While the President continues to deny the world is facing environmental disaster, Britons are already paying for the effects of global warming - through higher insurance premiums.

Home insurers have spent much of the past week desperately trying to respond to emergency claims from property owners affected by the flooding in Yorkshire. They have done a good job, as they did after the flash flood in Boscastle last year.

However, policyholders have no choice but to pay for the fact that extreme weather is increasingly common in Britain. The analyst Insuresupermarket says that living in an area at risk of flooding will raise your home insurance premium by 22 per cent.

In the worst-hit areas, most insurers now refuse to offer cover at all, other than to existing policyholders under a deal through the Association of British Insurers.

We shouldn't blame insurers for this. An ABI report last summer on climate change said that the value of weather-related claims reached £6bn between 1998 and 2003, twice the total in the previous five years.

There were 34 months of extremely hot weather in the Nineties, compared with an average of 12 in previous decades, the ABI said. At the same time, the number of winter storms in Britain has doubled over the past 50 years.

Flooding isn't the only problem for homeowners.
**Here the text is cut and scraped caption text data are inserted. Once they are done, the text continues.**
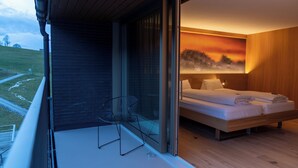 A modern bedroom with a large bed, a chair, and a view of a sunset through a glass door.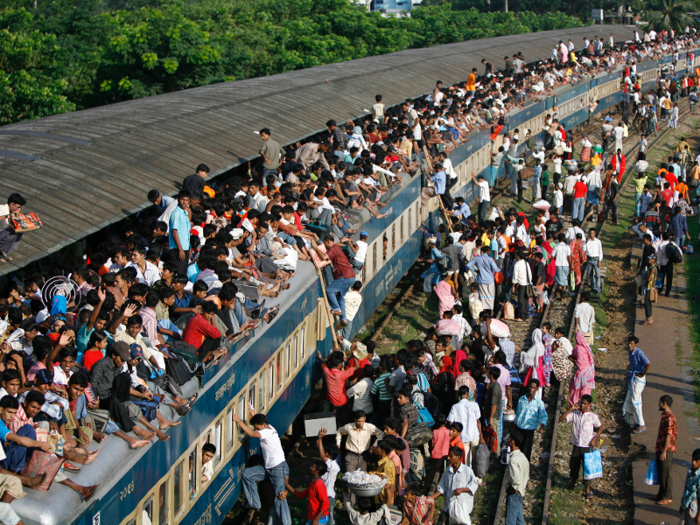 Some people use ladders to get onto the trains, some climb using the windows as leverage, and some get hoisted up by other riders.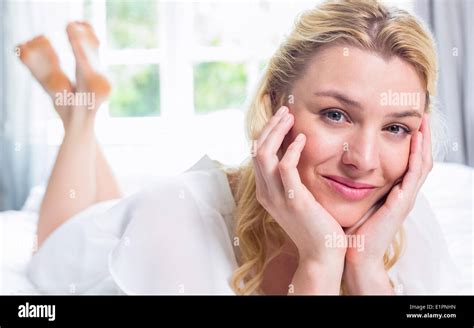 Pretty Blonde Lying On Bed Smiling At Camera Stock Photo Alamy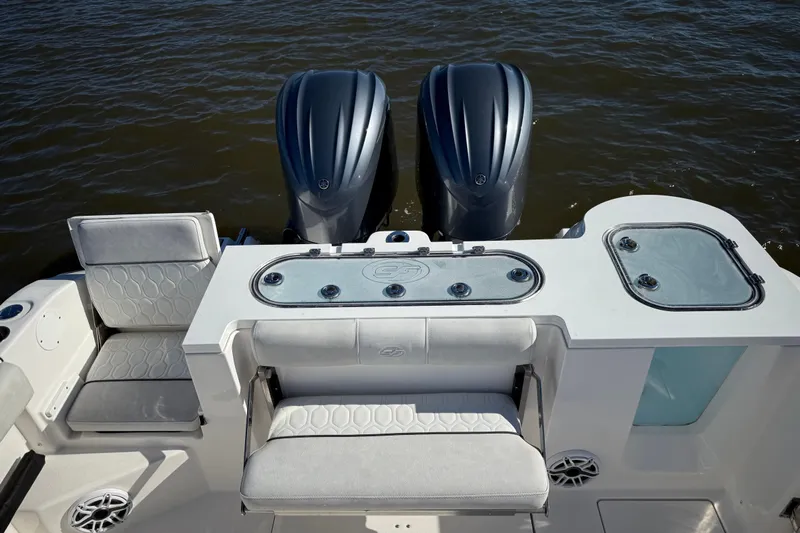 Lucky Penny Yacht Photos Pics 2022 Sea Fox 288 Commander boat with dual engines and seating, on water.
Hot weather, such as the sweltering temperatures in much of the country this week, increases the risk of subsidence occurring in properties vulnerable to this disastrous problem. If your insurer judges your home to be at risk, expect a further premium hike.

Higher insurance costs are only the beginning of the problem. Much more serious is the potential for thousands of properties to become unsaleable. It's not impossible. Mortgage lenders will not advance money on a property if it can't be insured. So if you live in a home snubbed by insurers, no one will be able to borrow the money to buy it.

It may seem small-minded to worry about problems such as costly insurance when the impact of climate change on a global scale is potentially so awesome. But these first few warnings that all of us will be affected - and sooner than we might think - might prove to be a useful call to action.

Even if you simply start turning appliances off when you're done with them - The Independent this week revealed energy wasted on appliances left on standby could power 400,000 homes - you'll be doing your bit.

As Parliament prepares to debate the Consumer Credit Bill next week, it's crucial that MPs realise to what extent the proposed legislation lacks teeth. The Bill doesn't even require lenders to quote interest rates in a standard way, for example.

Nationwide Building Society is lobbying MPs to press for the inclusion of four new measures in the Bill - a ban on lenders allocating repayments to cheap debt; health warnings on credit-card cheques; a crackdown on risk-based interest rates; and moves to promote data sharing between lenders.

All these measures are worth supporting. One reason that consumer debt has got out of hand over the past three years - it now threatens to destabilise the economy - is that unscrupulous lenders have pulled the wool over borrowers' eyes. This is a valuable opportunity to prevent them continuing to do so.